How are we loving the stranger both near and far? And I saw Alia Abboud from Lebanon, Toma Magda from Croatia, Walter Klimt from Austria, Kate Ayers from ReEstablish Richmond, and Virginia Baptists around them ready to pray for refugees, serve them abroad, and give towards refugee ministries.
How are our churches engaging in art and creativity? And I heard the beautiful voices of the Uptick Artists band mix and mingle as they weave together old and new, hymn and inspiration, in worship that honored God.
What are we doing to heal a broken world and fight for reconciliation? And I looked down from the running track of Bonsack’s recreation center and saw a room filled with God’s people all with a variety of theological opinions, thoughts, backgrounds, and practices— all loving each other well.

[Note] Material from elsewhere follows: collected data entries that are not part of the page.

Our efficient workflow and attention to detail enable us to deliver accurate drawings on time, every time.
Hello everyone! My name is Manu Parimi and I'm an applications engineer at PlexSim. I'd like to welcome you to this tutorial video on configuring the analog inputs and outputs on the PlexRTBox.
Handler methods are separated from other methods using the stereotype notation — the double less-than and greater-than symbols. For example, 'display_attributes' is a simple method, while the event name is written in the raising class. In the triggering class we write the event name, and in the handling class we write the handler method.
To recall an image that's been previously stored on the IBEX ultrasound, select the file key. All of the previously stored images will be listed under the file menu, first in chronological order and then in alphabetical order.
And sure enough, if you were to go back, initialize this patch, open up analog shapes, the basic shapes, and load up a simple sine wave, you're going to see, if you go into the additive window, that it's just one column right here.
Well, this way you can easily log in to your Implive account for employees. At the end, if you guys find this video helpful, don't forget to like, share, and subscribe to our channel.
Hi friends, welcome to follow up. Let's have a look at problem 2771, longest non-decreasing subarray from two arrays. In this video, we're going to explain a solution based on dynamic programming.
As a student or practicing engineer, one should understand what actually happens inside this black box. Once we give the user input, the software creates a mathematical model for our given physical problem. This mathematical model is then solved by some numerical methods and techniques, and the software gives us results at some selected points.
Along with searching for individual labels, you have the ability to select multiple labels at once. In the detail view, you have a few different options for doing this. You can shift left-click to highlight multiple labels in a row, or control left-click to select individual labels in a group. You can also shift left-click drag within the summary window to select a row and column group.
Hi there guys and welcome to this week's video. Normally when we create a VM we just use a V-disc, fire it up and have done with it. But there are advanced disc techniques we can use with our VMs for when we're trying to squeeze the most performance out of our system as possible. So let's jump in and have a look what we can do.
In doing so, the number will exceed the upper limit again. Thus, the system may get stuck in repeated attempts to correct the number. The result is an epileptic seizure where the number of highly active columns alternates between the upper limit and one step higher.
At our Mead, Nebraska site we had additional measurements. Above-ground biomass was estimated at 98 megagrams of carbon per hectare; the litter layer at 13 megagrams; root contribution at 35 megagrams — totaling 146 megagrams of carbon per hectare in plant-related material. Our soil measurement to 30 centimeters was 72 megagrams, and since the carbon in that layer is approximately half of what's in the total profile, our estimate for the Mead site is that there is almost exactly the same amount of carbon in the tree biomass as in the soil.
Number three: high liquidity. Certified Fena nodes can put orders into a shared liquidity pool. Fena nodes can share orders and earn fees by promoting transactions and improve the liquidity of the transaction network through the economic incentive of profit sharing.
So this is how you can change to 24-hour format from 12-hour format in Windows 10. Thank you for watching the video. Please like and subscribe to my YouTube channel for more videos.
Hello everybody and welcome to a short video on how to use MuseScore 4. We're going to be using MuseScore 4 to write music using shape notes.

We are far from perfect, but I am filled with hope when I looked around at this beautiful mess of churches, organizations, and image bearers of God that is the BGAV. Yet still, I pray we do not become complacent.
I pray that we are not so comfortable that we do not take the injustices of the world as pressing issues that God calls us to engage with now. I pray that we are not so focused on our own self-preservation as a church that we forget the least of these in our communities both far and near. I pray that we can continue to push for unity and recognize that we have more in common, that brings us together in God’s mission, than we have differences that separate us. I pray that we continue to push for greater diversity and representation in our body.

As our keynote speaker, Scot McKnight, pointed out, we live in a world that calls us to choose sides. To divide. To call our neighbors enemies. In this divisive world I see the BGAV positioned perfectly to be a prophetic presence. A deeply rooted tree that can stand firm in the middle of the storm and show a new way. To provide a space where all can love each other despite differences. A foretaste of the radiantly colorful and expansive Kingdom of God.
This is a difficult place to be. It takes wisdom. It takes patience. It takes grace and mercy. But these are the gifts that God will give us in abundance if we only ask.
Being at the Annual Meeting filled me with a deep sense of gratitude. I am so incredibly thankful that firstly, I am a part of a body that believes in a risen Christ who has already saved the world, and secondly, that I am not alone in the fight for justice and goodness. How blessed am I to serve God with this beautiful family.
With more hugs and handshakes, we bundled up and bid goodbye to our closest relatives and to our new family members we never knew we had. I look forward to next year’s family reunion.
Will Cumbia is currently serving as the field coordinator for BGAV’s focus:refugee missions partnership in Austria.